I do love designing them though, and I love modifying outfits/recycling old clothing into costumes, although these days costumes tend to revolve around whatever my dreadlocks are doing hehe


----------



## kallie (Dec 4, 2007)

magickbean, corspebride costume would be so awesome! and i have full faith that you will do it justice! and you could make some cool bluish dreads to match her hair, but you're probably all stocked up on every color that you would ever need for anything.


----------



## Madame Turlock (Nov 2, 2007)

> bluish dreads to match her hair


Your generation gives a whole new meaning to the "hair coloring" I love it. It used to be that little old ladies with a blue of purple cast to their hair would be scoffed at. Now, when I get there it should be generally accepted thanks to your generation.


----------



## kallie (Dec 4, 2007)

ah, man i used to work in a retirement home and everyone had that purple and blue hair! what's up with that?! LOL they were totally punk and didn't even know it!



Madame Turlock said:


> Your generation gives a whole new meaning to the "hair coloring" I love it. It used to be that little old ladies with a blue of purple cast to their hair would be scoffed at. Now, when I get there it should be generally accepted thanks to your generation.


----------



## Magickbean (Dec 6, 2007)

I think it's fantastic that we have all these little old punk ladies about! The world can always use more colour ^_^ When I'm an old lady, I'm going to have long white hair like Gandalf. And I'll wear long flowing dresses .. I'm going to be a hippy grandma lol

Thanks for your words of encouragement, Kallie darling! I am so excited about the prospect of doing the Corpse Bride costume as I've wanted to do it since I saw the film a couple of years ago. The blue dreadlocks will indeed be one of the funnest parts to make 

Sorry, I've sort of hijacked the thread a bit..  sorry Johnny Thunder!


----------



## kallie (Dec 4, 2007)

Magickbean said:


> I think it's fantastic that we have all these little old punk ladies about! The world can always use more colour ^_^ When I'm an old lady, I'm going to have long white hair like Gandalf.

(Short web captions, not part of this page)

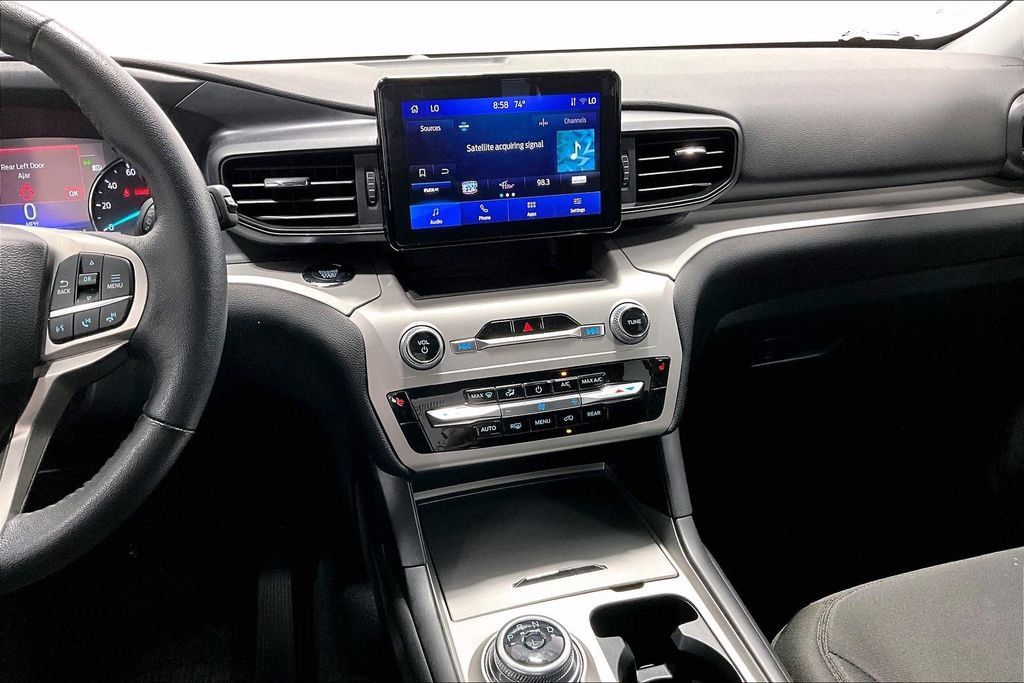 Used 2024 Ford Explorer XLT RWD image 7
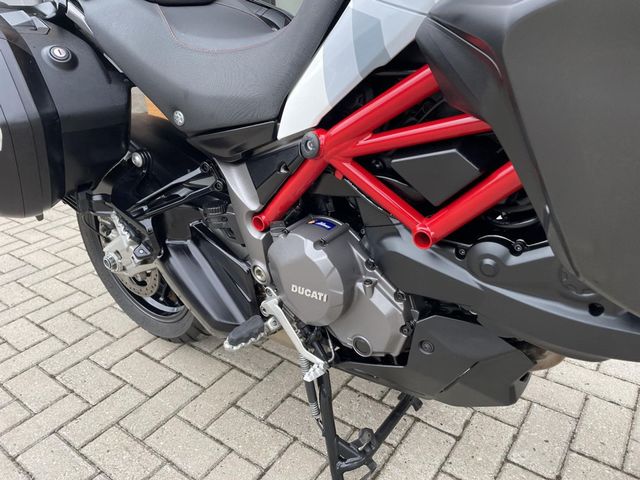 ducati - multistrada-950-s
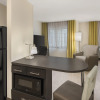 Отель Candlewood Suites Charlotte - Arrowood, an IHG Hotel, фото 5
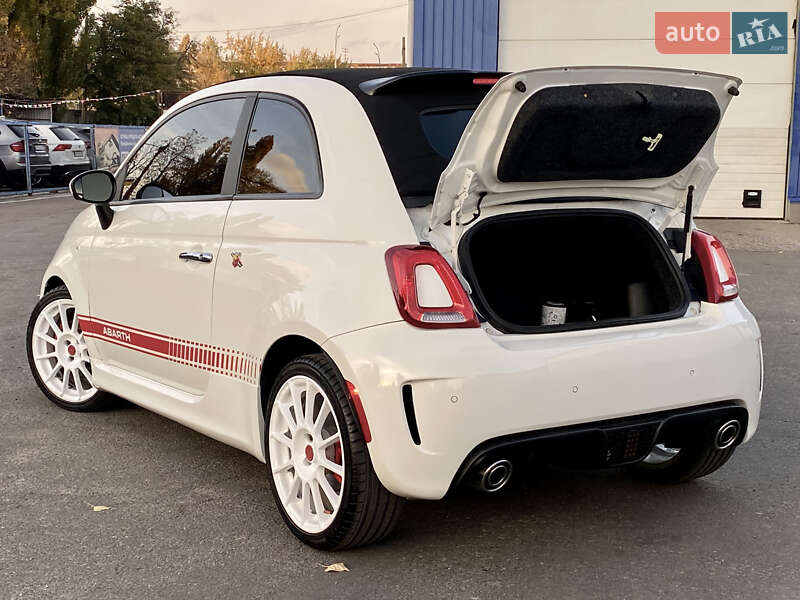 Хетчбек Fiat 500 2015 в Києві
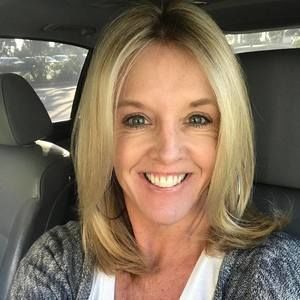 Meet your Posher, Deanna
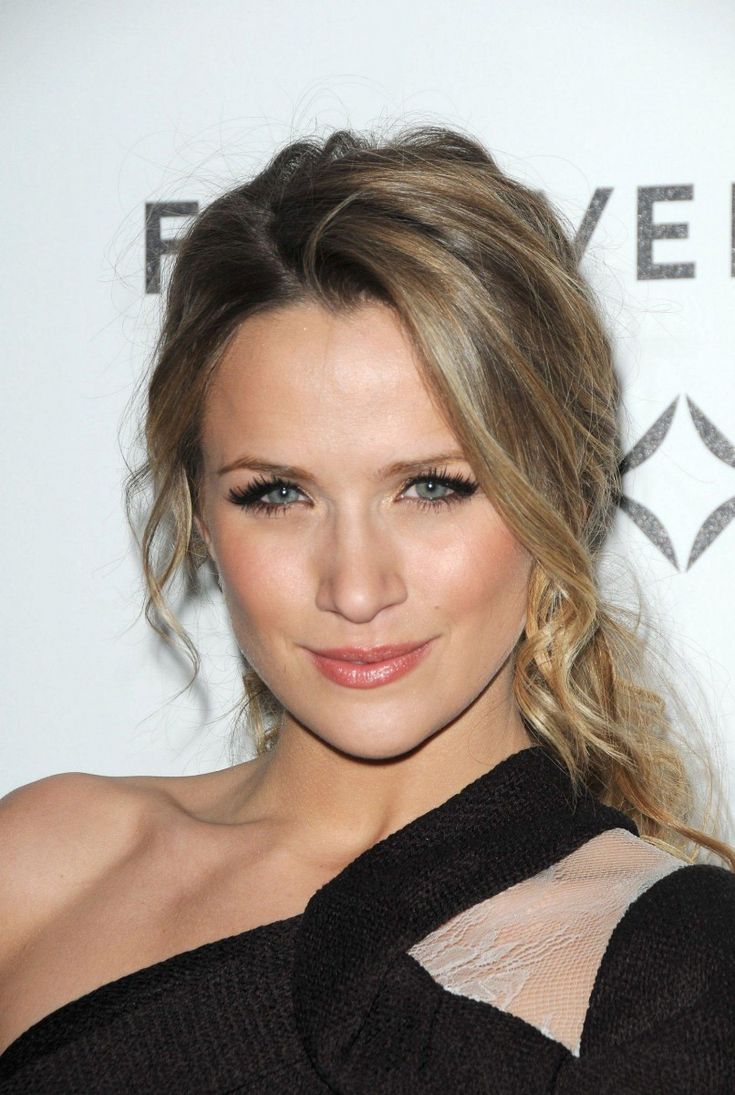 Shantel VanSanten in Purple Wallpapers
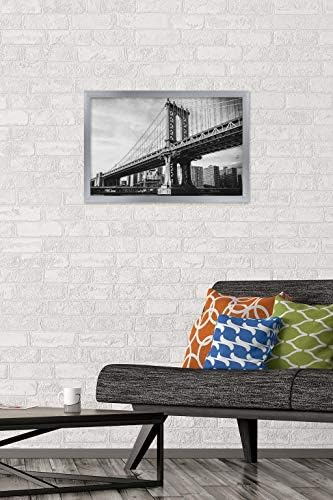 Tendenciák A Nemzetközi Brooklyn Bridge - Ikonikus Fali Poszter, 22.375 x 34, Prémium keret nélküli Változat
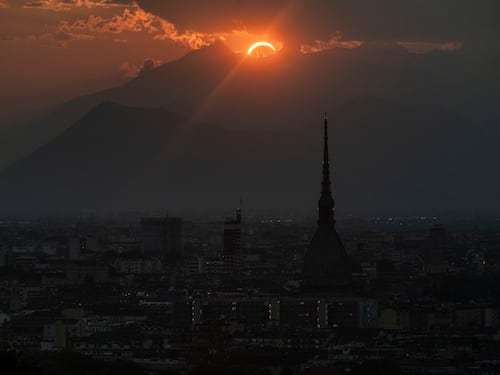 L’eclissi della libertà oscura gli atenei. Viaggio a caccia di un nuovo “sole”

And I'll wear long flowing dresses .. I'm going to be a hippy grandma lol


me too, totally, i'm all about hippie grandma! and you're welcome! you are the best at making costumes! i can't wait to see pics!


----------



## Dr. Z (Nov 22, 2007)

Madame Turlock said:


> Your generation gives a whole new meaning to the "hair coloring" I love it. It used to be that little old ladies with a blue of purple cast to their hair would be scoffed at. Now, when I get there it should be generally accepted thanks to your generation.


Well Madame Turlock, don't forget we only are heirs of previous generations. What would we have been without Punk/Hippie/Goth/Rocker elders? 
"Our" generation just dig in the past and reactualizes those codes to the modern society, and sometimes add his touch. 
We are what we are thanks to _Your_ generation! I think has not to be forgotten and we have to be grateful !


----------